(Beginning of Entries shown)

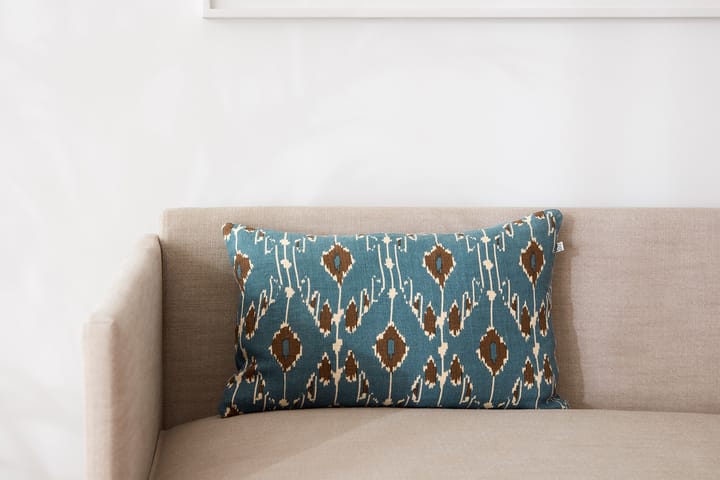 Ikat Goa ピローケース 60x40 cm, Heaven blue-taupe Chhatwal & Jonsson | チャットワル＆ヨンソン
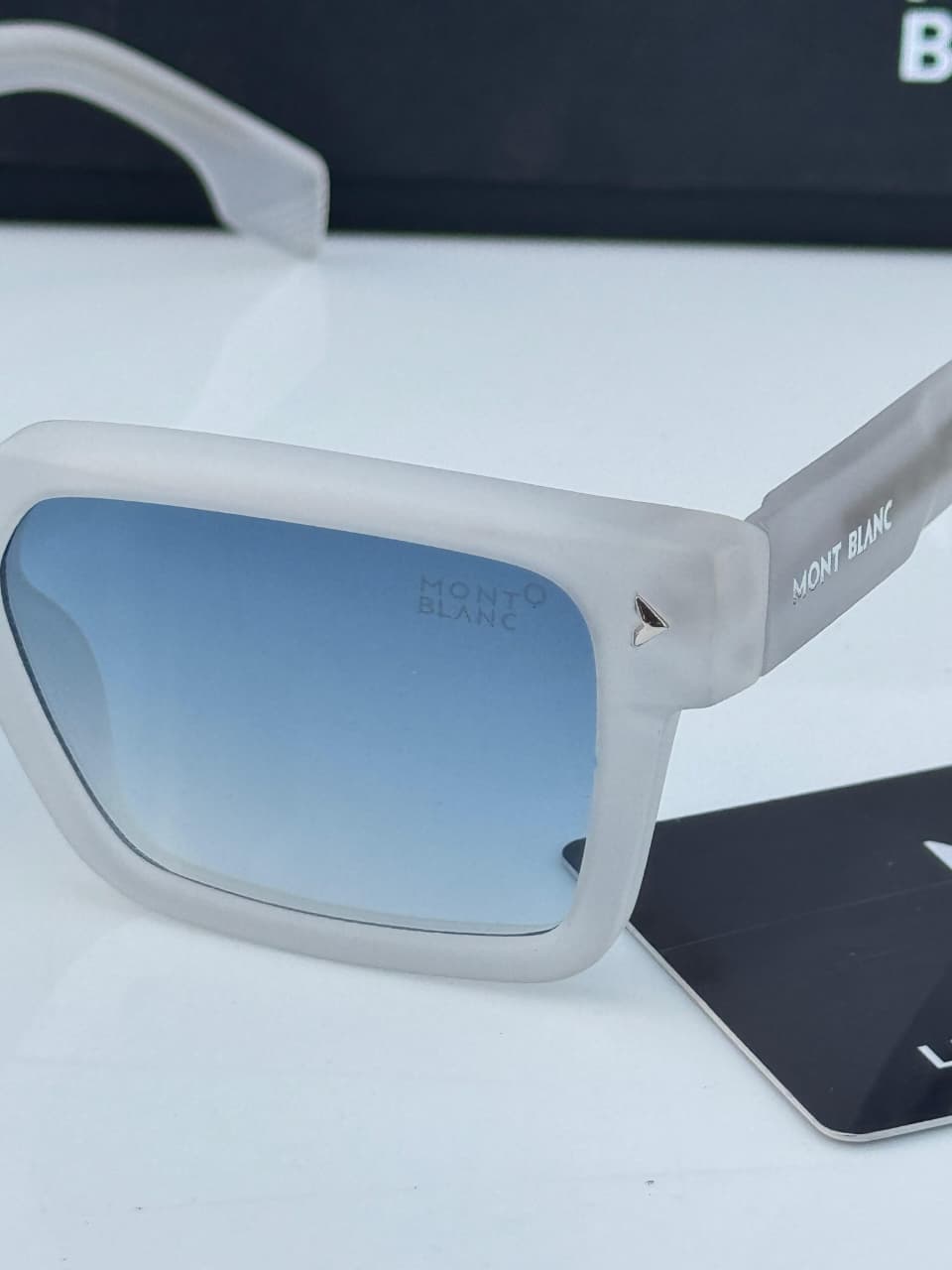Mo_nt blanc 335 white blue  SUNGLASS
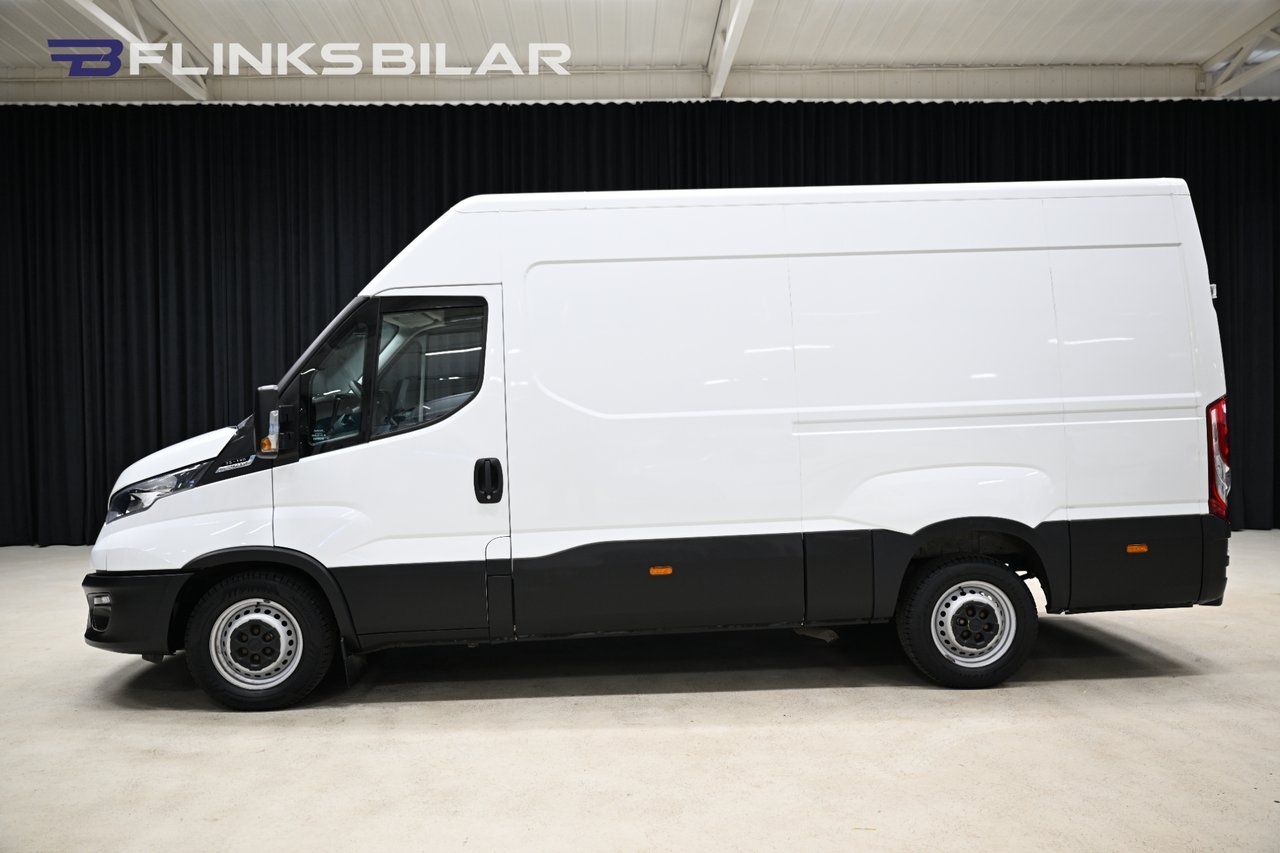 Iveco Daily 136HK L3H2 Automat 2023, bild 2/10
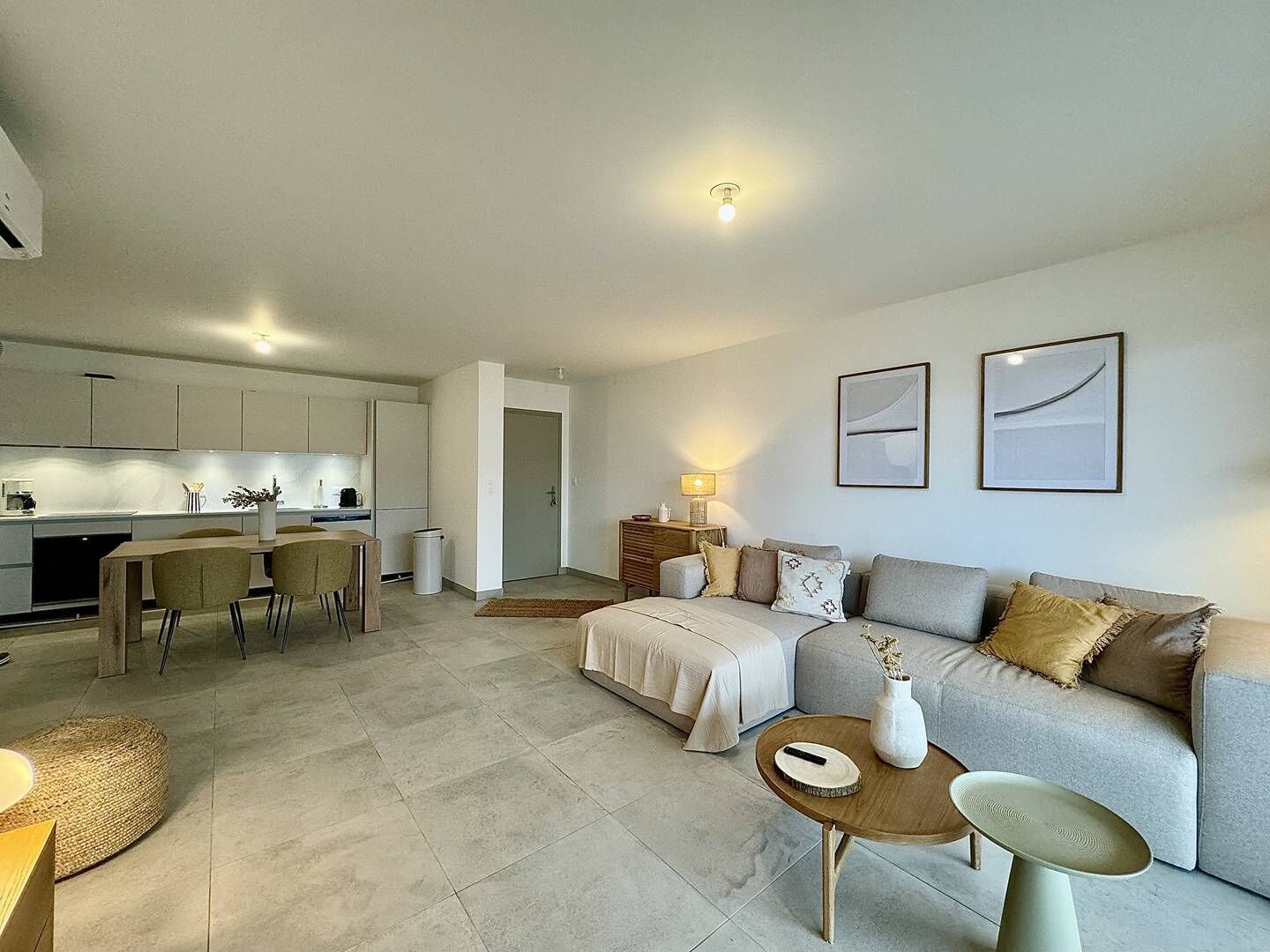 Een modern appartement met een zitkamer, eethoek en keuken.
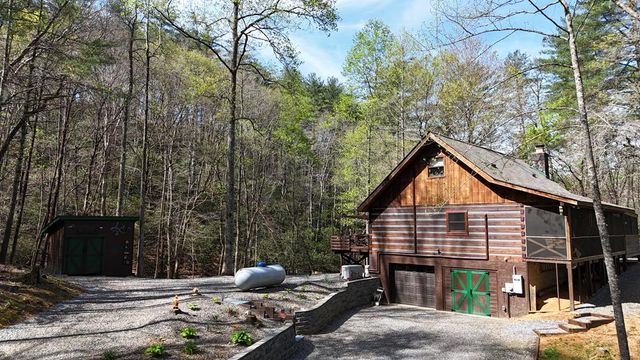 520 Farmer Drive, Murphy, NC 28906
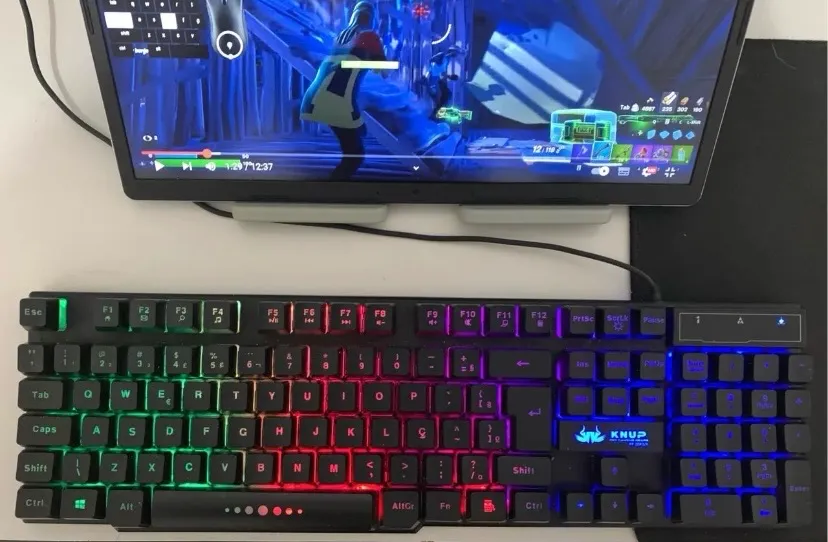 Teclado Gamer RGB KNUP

(End of Entries shown)

From the first line to the last, set down the records word for word and drop the images.

 Ikat Goa ピローケース 60x40 cm, Heaven blue-taupe Chhatwal & Jonsson | チャットワル＆ヨンソン
Mo_nt blanc 335 white blue  SUNGLASS
 Iveco Daily 136HK L3H2 Automat 2023, bild 2/10
 Een modern appartement met een zitkamer, eethoek en keuken.
 520 Farmer Drive, Murphy, NC 28906
 Teclado Gamer RGB KNUP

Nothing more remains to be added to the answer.